No account of the literary triangle is complete without its stage: the historic cafés where ideas circulated alongside espresso and pastries.

  • Caffè San Marco (via Battisti 18, founded 3 January 1914 by Marco Lovrinovich): the quintessential literary café, a favourite of Svevo. Before the First World War it also served as a clandestine meeting place for irredentists and a workshop for forging false passports. On 23 May 1915, Austro-Hungarian soldiers stormed and destroyed the premises. Reopened after the war, it still preserves its original Mitteleuropean furnishings.
  • Caffè Tommaseo (piazza Niccolò Tommaseo, opened 1830 by Tomaso Marcato): the oldest café still operating in Trieste. Renamed in 1848 in honour of the patriot Niccolò Tommaseo, it became a centre of the irredentist movement. Saba loved its pistachio ice cream; Svevo wrote there regularly. Declared a historic monument on 7 April 1954.
  • Pasticceria Caffè Pirona (Largo Barriera Vecchia 12, founded 1900 by Alberto Pirona): a Liberty-style gem. Joyce, who between 1910 and 1912 lived in the same street, was a regular and reportedly began drafting Ulysses at one of its tables. Svevo and Saba were also frequent visitors.
  • Caffè Stella Polare (via Dante Alighieri 14/a): a Viennese-style café with tall ceilings, wood panelling, and large mirrors. Joyce preferred its cosmopolitan atmosphere for socialising between the Serbian Orthodox church and the neoclassical Sant'Antonio Taumaturgo.

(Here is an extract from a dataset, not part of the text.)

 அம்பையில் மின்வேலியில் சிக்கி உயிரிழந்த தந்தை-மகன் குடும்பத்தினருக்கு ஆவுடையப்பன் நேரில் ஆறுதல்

The legacy of the literary triangle

The literary triangle of Joyce, Svevo, and Saba is not merely a footnote in the history of European letters — it is the story of how a single city, at a particular moment in history, catalysed a revolution in narrative and poetic language.

Today, bronze statues mark the writers' presence: Joyce on the Ponterosso bridge (since 2004), Svevo in Piazza Hortis near the Museo Sveviano, and Saba at the corner of via Dante and via San Nicolò, walking towards his beloved bookshop — pipe between his lips, eternally on his way home.

The cafés, too, endure. Sitting at a marble table in the Caffè San Marco or the Caffè Tommaseo, surrounded by the same mirrors and woodwork that Svevo and Joyce once knew, visitors can still sense that peculiar Triestine alchemy — a restless, creative energy born from the friction of languages, cultures, and identities that made this city, for a brief and luminous period, the literary capital of the world.